### The data
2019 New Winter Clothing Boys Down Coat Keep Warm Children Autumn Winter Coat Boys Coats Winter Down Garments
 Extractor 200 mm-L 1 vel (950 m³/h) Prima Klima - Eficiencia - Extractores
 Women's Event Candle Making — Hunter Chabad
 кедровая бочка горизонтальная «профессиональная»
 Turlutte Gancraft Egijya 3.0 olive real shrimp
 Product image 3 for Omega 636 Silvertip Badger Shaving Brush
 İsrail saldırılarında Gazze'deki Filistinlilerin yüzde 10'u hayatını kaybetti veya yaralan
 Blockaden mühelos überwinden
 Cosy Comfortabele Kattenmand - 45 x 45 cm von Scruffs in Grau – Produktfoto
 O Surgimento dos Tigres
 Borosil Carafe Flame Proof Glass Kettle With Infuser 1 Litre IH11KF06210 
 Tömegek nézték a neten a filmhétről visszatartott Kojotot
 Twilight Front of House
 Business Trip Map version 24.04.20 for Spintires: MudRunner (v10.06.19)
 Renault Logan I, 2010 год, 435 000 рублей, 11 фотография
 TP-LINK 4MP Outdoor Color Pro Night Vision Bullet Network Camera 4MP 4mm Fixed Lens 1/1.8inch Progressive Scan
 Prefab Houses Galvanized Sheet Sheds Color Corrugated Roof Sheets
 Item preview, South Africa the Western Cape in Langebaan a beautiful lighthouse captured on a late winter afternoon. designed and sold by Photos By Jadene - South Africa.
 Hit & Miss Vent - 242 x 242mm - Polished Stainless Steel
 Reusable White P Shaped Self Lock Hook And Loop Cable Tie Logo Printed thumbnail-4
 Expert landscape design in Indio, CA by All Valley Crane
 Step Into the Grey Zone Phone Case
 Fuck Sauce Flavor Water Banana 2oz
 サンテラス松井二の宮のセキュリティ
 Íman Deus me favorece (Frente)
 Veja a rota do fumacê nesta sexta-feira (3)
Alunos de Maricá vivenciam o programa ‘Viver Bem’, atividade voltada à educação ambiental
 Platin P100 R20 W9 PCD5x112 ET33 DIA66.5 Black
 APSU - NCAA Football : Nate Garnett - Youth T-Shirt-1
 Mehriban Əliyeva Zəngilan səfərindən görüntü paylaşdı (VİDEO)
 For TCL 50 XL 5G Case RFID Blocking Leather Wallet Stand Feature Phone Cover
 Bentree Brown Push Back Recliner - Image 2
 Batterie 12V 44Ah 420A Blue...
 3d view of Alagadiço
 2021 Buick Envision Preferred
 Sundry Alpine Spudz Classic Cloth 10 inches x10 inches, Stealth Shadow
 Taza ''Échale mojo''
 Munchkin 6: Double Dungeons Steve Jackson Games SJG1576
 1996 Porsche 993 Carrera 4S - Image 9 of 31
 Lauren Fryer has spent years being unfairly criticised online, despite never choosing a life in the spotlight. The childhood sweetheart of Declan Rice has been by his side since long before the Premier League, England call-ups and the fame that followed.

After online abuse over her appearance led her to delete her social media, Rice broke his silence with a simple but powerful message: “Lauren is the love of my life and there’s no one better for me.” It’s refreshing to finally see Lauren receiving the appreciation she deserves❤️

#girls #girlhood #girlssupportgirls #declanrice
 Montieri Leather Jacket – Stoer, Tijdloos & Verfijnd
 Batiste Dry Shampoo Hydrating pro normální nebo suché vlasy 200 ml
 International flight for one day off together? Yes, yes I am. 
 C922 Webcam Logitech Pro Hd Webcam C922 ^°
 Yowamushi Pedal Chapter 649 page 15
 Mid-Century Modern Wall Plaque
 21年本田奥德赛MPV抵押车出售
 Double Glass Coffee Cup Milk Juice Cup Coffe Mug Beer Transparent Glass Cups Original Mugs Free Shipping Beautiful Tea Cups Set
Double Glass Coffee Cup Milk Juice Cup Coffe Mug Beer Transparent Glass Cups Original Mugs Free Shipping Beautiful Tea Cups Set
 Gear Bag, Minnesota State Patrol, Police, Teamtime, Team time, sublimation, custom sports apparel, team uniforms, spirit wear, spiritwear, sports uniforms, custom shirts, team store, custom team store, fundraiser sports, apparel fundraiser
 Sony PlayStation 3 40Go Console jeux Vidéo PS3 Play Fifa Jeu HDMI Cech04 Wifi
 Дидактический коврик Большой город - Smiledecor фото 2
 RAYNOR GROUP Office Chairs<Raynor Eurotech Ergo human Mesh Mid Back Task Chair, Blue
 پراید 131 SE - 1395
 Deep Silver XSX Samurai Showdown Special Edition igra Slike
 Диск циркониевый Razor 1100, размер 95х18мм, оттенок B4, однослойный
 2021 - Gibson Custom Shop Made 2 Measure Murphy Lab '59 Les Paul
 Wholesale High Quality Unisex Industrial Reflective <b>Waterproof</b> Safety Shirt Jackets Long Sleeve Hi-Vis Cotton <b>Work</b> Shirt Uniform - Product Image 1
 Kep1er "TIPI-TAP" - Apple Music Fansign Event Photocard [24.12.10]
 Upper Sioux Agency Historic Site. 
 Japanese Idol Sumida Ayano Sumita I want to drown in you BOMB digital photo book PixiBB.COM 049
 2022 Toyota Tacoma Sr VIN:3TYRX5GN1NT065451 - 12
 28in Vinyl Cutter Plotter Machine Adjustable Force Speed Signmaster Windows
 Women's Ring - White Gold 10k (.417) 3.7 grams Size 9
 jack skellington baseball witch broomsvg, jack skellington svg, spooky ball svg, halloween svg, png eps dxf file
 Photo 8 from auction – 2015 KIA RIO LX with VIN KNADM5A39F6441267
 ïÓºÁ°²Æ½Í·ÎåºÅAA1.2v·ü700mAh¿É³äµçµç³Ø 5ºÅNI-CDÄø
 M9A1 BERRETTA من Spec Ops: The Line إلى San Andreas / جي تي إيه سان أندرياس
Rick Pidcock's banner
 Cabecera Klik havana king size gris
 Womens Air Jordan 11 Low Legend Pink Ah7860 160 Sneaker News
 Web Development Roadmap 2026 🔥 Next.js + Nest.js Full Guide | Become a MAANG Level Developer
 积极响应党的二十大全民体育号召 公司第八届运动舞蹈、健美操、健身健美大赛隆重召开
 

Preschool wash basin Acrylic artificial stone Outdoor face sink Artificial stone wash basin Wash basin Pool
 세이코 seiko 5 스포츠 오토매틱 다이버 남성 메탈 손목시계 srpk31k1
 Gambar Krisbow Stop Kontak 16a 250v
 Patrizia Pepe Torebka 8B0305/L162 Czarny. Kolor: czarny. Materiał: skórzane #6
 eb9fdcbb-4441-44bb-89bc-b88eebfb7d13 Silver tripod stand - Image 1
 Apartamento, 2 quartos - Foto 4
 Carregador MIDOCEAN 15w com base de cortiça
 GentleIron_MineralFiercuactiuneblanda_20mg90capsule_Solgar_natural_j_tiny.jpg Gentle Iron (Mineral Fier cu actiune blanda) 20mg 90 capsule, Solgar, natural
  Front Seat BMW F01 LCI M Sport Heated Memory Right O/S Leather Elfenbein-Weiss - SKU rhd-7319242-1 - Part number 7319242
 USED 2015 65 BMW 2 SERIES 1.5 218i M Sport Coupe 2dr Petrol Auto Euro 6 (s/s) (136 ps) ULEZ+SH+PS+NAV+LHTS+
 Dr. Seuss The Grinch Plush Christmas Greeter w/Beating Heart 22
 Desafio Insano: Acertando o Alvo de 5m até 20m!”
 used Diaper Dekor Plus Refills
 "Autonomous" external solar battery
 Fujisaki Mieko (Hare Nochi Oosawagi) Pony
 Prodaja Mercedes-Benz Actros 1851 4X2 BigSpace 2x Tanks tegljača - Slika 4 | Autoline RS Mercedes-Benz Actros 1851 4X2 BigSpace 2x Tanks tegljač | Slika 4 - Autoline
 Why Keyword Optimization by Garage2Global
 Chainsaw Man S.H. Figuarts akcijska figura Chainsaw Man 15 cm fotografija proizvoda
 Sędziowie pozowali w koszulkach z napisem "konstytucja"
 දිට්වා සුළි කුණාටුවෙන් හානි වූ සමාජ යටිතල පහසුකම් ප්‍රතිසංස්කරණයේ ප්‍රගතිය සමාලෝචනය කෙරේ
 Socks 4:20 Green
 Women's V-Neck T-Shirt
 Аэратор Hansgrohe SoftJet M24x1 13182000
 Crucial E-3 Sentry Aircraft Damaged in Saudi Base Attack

### What to work on
Taking the entries above, print exactly the lines starting at the line with "Bentree Brown Push Back Recliner - Image 2" and ending at the line with "21年本田奥德赛MPV抵押车出售", both included.

### Written solution
 Bentree Brown Push Back Recliner - Image 2
 Batterie 12V 44Ah 420A Blue...
 3d view of Alagadiço
 2021 Buick Envision Preferred
 Sundry Alpine Spudz Classic Cloth 10 inches x10 inches, Stealth Shadow
 Taza ''Échale mojo''
 Munchkin 6: Double Dungeons Steve Jackson Games SJG1576
 1996 Porsche 993 Carrera 4S - Image 9 of 31
 Lauren Fryer has spent years being unfairly criticised online, despite never choosing a life in the spotlight. The childhood sweetheart of Declan Rice has been by his side since long before the Premier League, England call-ups and the fame that followed.

After online abuse over her appearance led her to delete her social media, Rice broke his silence with a simple but powerful message: “Lauren is the love of my life and there’s no one better for me.” It’s refreshing to finally see Lauren receiving the appreciation she deserves❤️

#girls #girlhood #girlssupportgirls #declanrice
 Montieri Leather Jacket – Stoer, Tijdloos & Verfijnd
 Batiste Dry Shampoo Hydrating pro normální nebo suché vlasy 200 ml
 International flight for one day off together? Yes, yes I am. 
 C922 Webcam Logitech Pro Hd Webcam C922 ^°
 Yowamushi Pedal Chapter 649 page 15
 Mid-Century Modern Wall Plaque
 21年本田奥德赛MPV抵押车出售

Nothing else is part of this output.